Guardian Angels Visit River Bend To Promote Vigilante Justice, Despite Wishes Of Neighborhood, Police
An article on the Des Moines Register website outlined a visit this weekend by Guardian Angels founder Curtis Sliwa. Silwa formed the nonprofit Guardian Angels in 1979 to help safeguard New York City’s streets and subways.
During this weekend’s visit to Iowa, he announced that his organization has been approached about organizing patrols of trained volunteers through Des Moines’ River Bend neighborhood.
A band of Guardian Angels spent Saturday handing out fliers north of downtown Des Moines and urging people to visit www.guardianangels.org for more information.
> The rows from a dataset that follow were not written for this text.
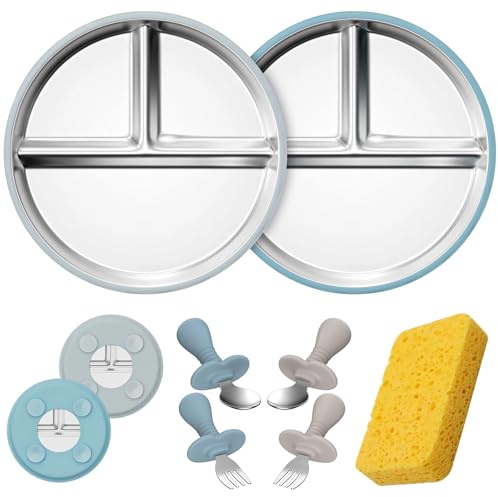 Babyteller mit Saugnapf, Edelstahl Kinderteller mit 2 Rutschfesten Babyteller mit Saugnäpfen, Unzerbrechliches Saugnapf Teller für Geschirrset BPA-frei & Spülmaschinenfest Unzerbrechliches-Grau&Blau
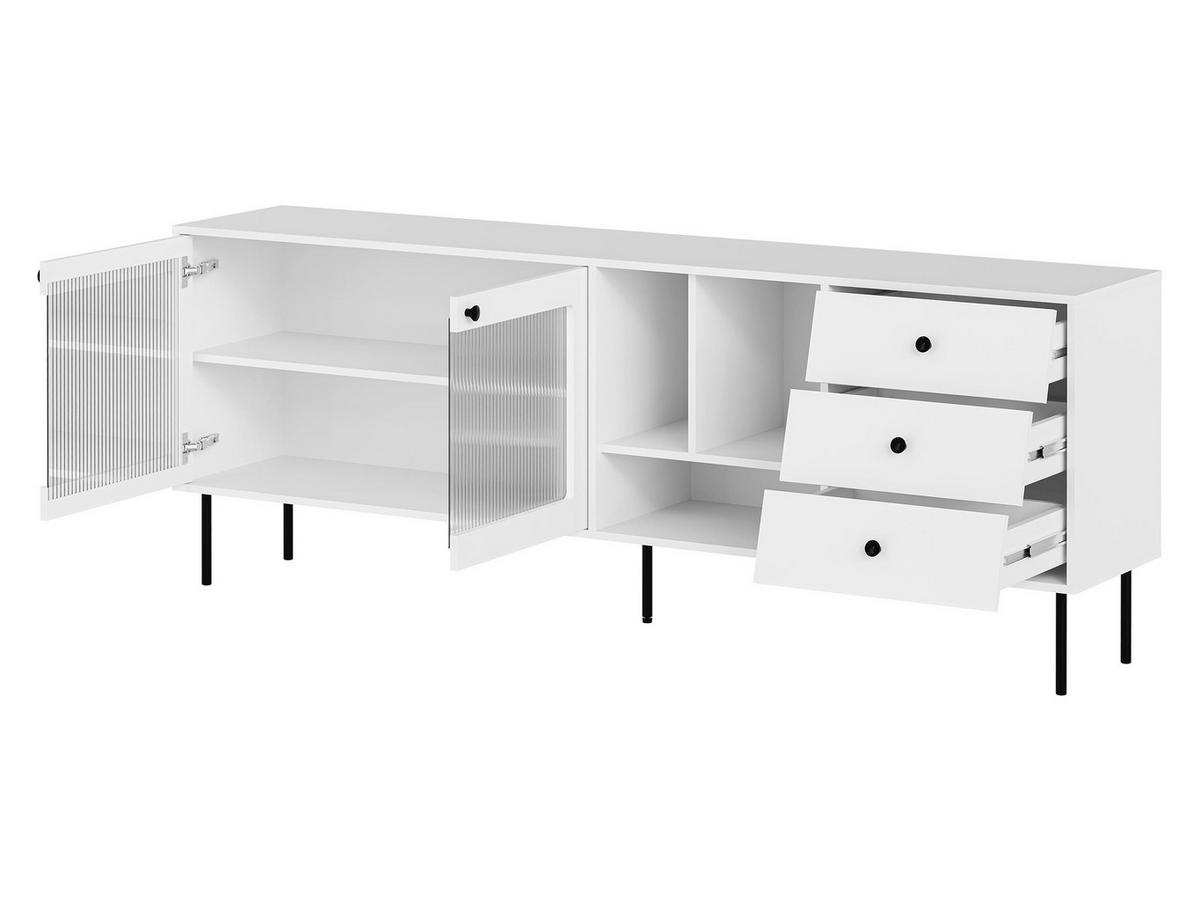 SIDEBOARD Valerio 200 - Goldfarben/Schwarz, Holzwerkstoff/Kunststoff (200/75/39cm) - MIRJAN24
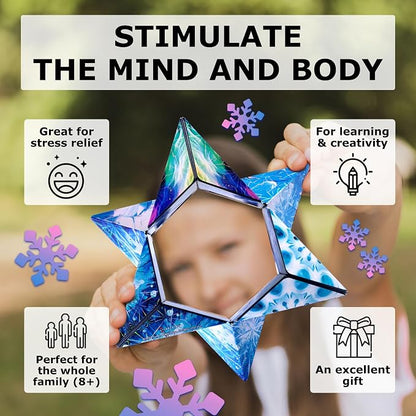 Shashibo Sensory Fidget Toy for Adults & Kids, Stress Relief Fidget Toy for Adults, Teens & Kids, Cool Fidget Toys for Desk, Classroom Must Have, Sensory Shape Shifting Cube, 100+ Possible Shapes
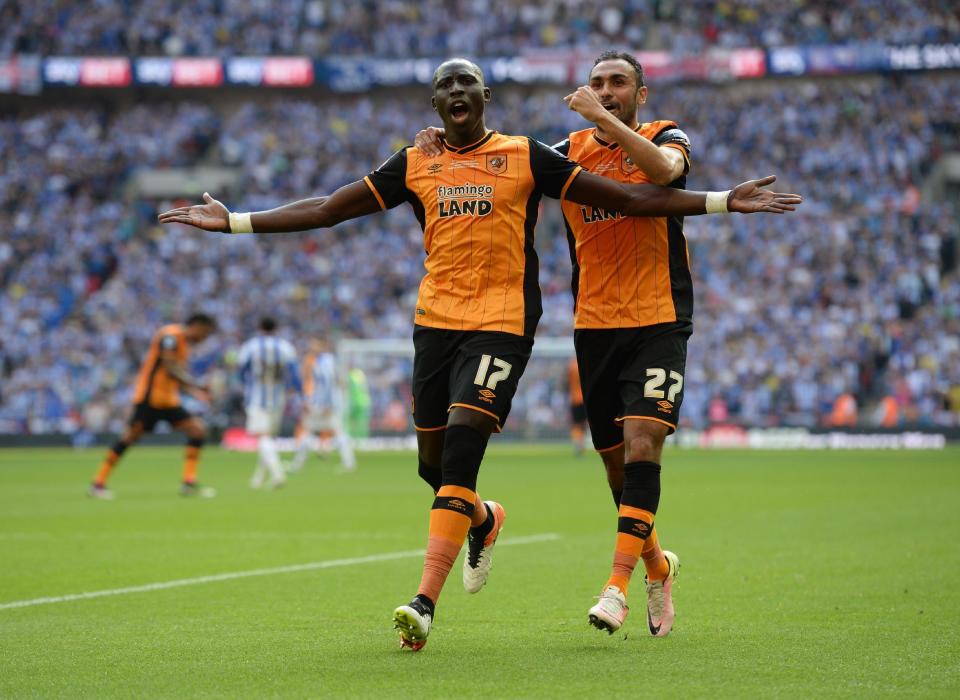 Britain Soccer Football - Hull City v Sheffield Wednesday - Sky Bet Football League Championship Play-Off Final - Wembley Stadium - 28/5/16 Mohamed Diame celebrates scoring the first goal for Hull City with Ahmed Elmohamady Action Images via Reuters / Tony O'Brien Livepic EDITORIAL USE ONLY. No use with unauthorized audio, video, data, fixture lists, club/league logos or "live" services. Online in-match use limited to 45 images, no video emulation. No use in betting, games or single club/league/player publications. Please contact your account representative for further details.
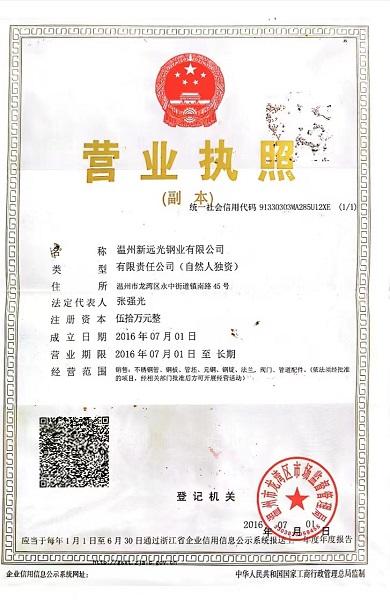 温州新远光钢业有限公司营业执照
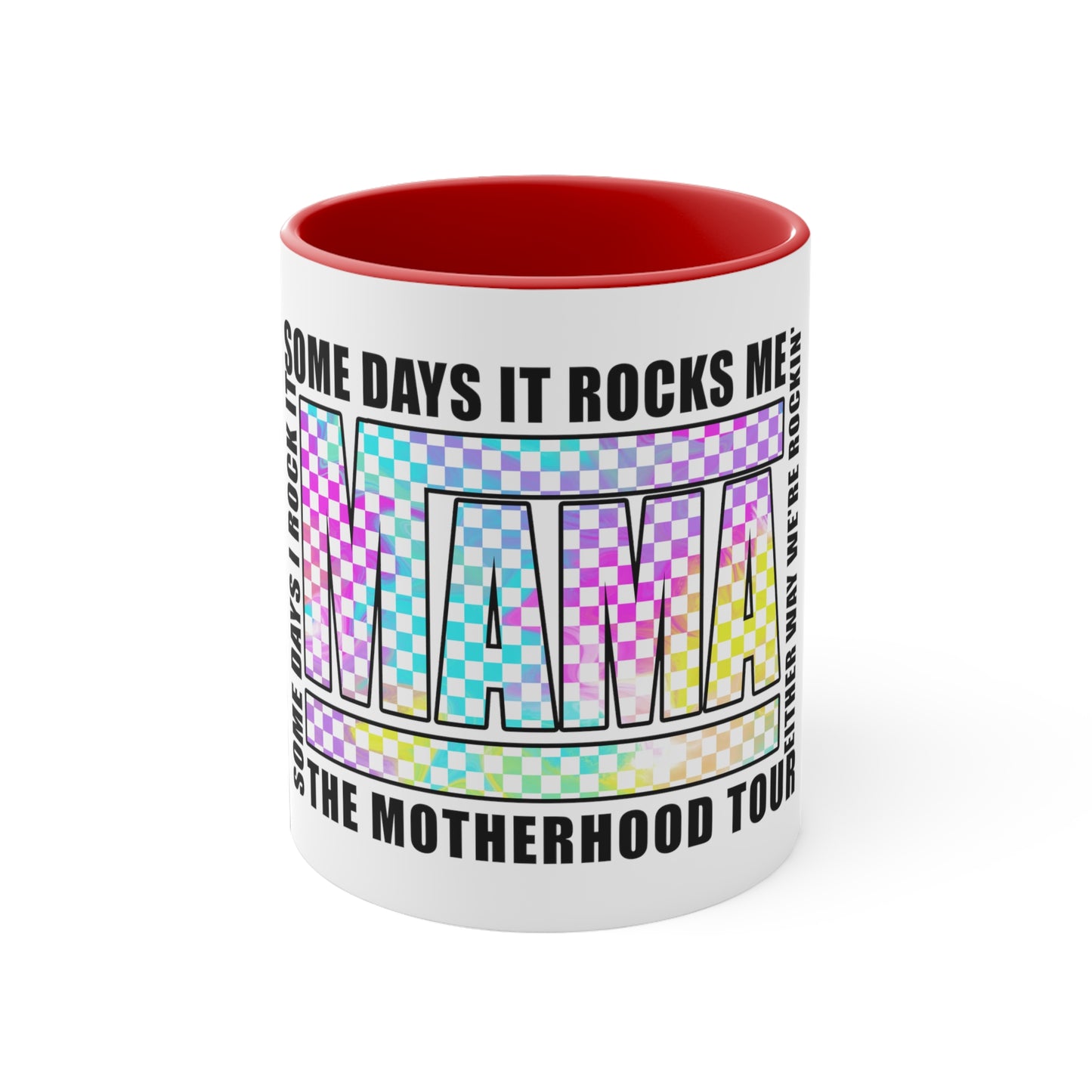 Motherhood some days I rock it,Sassy Quote, Funny Statement ,Quirky mug, Trendy coffee mug,Racing Check ,Accent Coffee Mug, 11oz Red 11oz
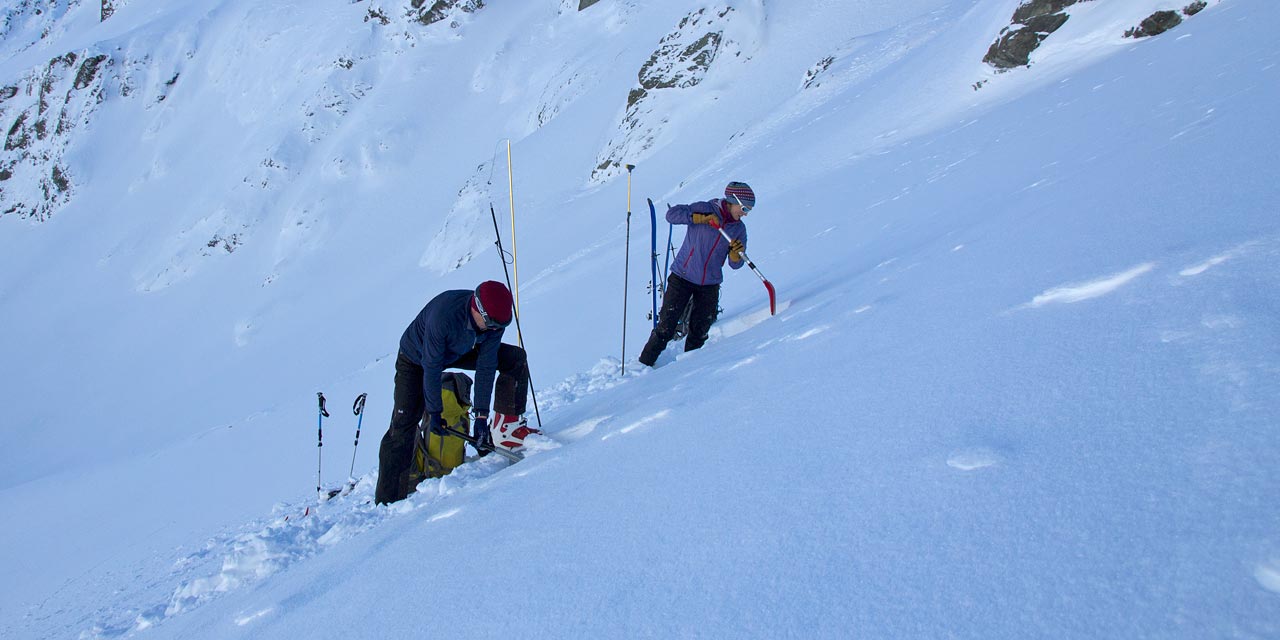 Learning how to identify weak layers in the snowpack on the Backcountry Avalanche Course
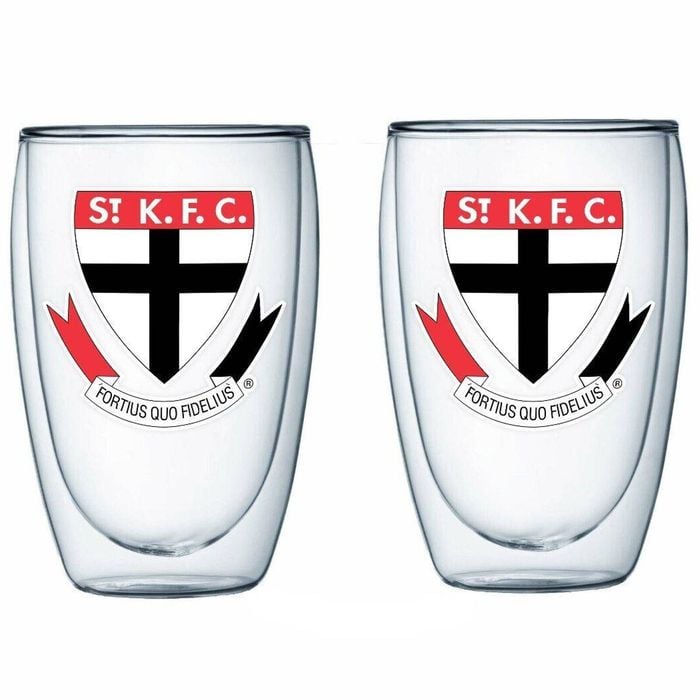 AFL Double Wall Glass Set - St Kilda Saints - Set of Two
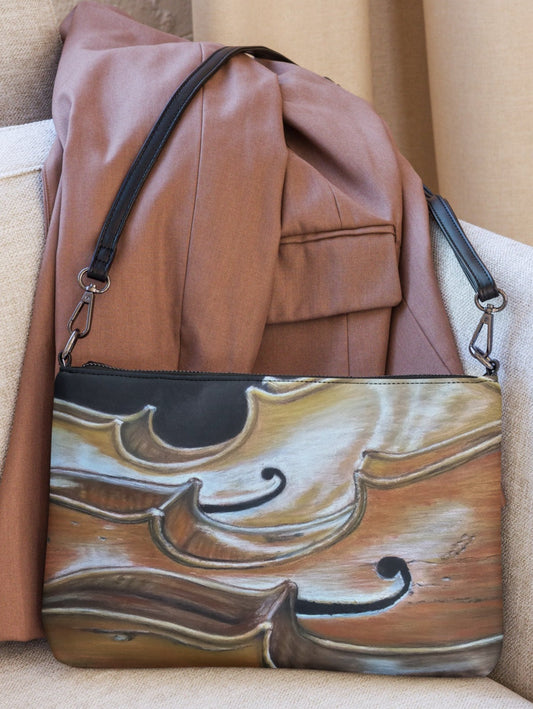 Harmonious Melodies Crossbody Bag - Cello Trio Musical Instrument Artwork by Cathy Dement, Faux Leather, Interchangeable Wrist Strap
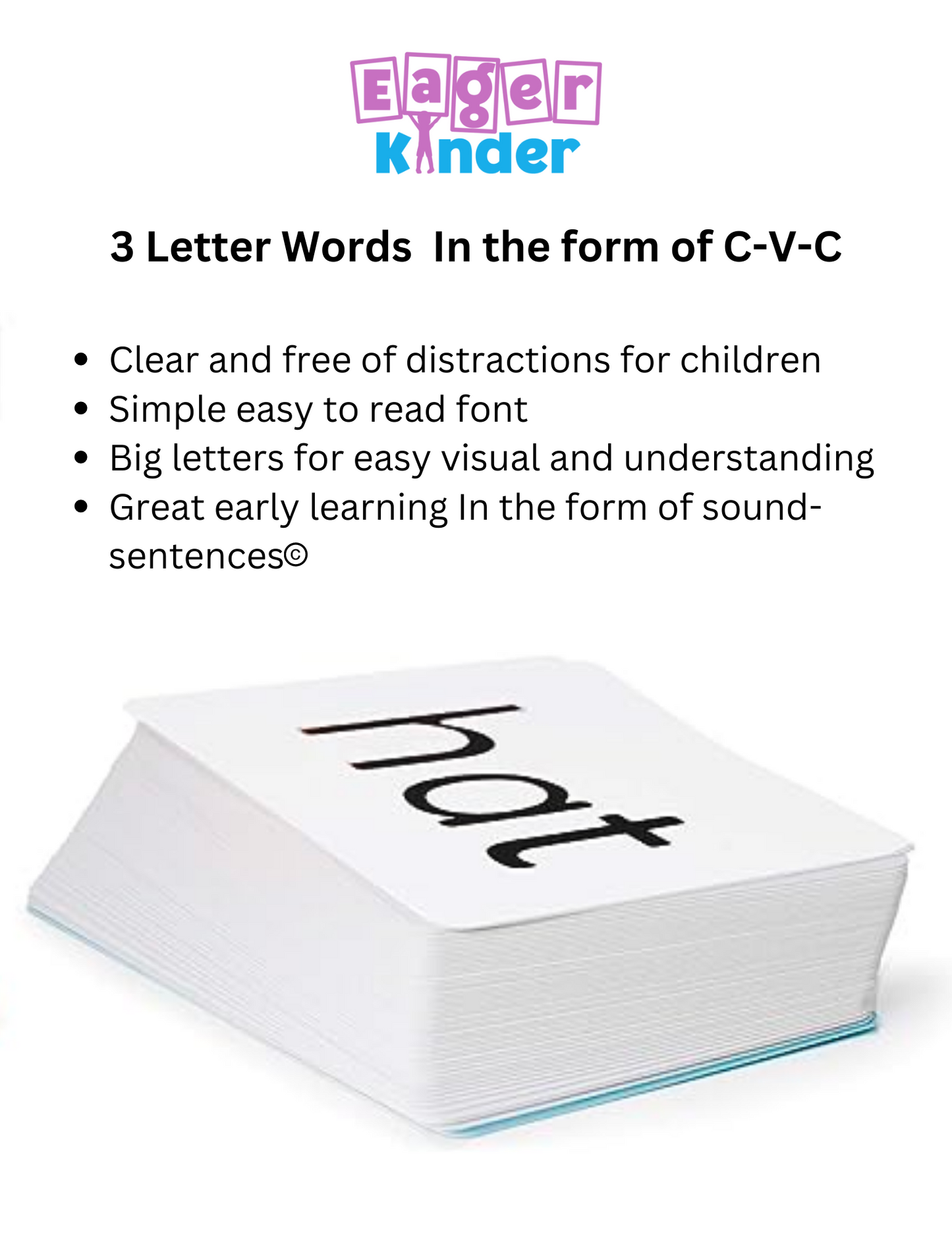 3 Letter Words  flashcards - Eager Kinder™ C-V-C Simple easy to read custom font spelling the word hat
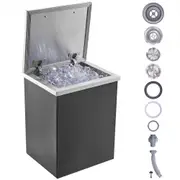 VEVOR Drop in Ice Chest, 14"L x 12"W x 18"H Stainless Steel Ice Cooler, Commercial Ice Bin with Hinged Cover, 40 qt Outdoor Kitchen Ice Bar, Drain-pip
“We’ve got a lot of educating to do, but I think we can help this community,” Sliwa said. “I think people want to improve, not move.”
According to the Register, River Bend, the city’s 28th-largest neighborhood, ranked fifth in June for most offenses reported to police. Sliwa’s news conference Saturday took place near the block where 35-year-old Michael Collins of suburban Ankeny was shot and killed last month, reportedly while trying to purchase crack cocaine.
Unlike typical neighborhood watch programs, Guardian Angels volunteers are taught to break up confrontations and detain bad guys if necessary.
“We get physical,” Sliwa said. “That’s the difference.”
Such involvement in crimefighting is not always welcome by police. Sliwa said Des Moines authorities have told him that the Guardian Angels are welcome if that’s what the neighborhood wants.
Officially, it probably isn’t, said Roger Thompson, a board member of the River Bend Neighborhood Association. Neighborhood leaders would prefer to give Des Moines police more time to deal with the crime problems. A new ordinance allowing city leaders to crack down on crime-ridden rental properties is expected to kick in next month.
“I really don’t believe there’s enough of a problem to justify” a group like the Guardian Angels, Thompson said. “I really don’t believe it will go anywhere.”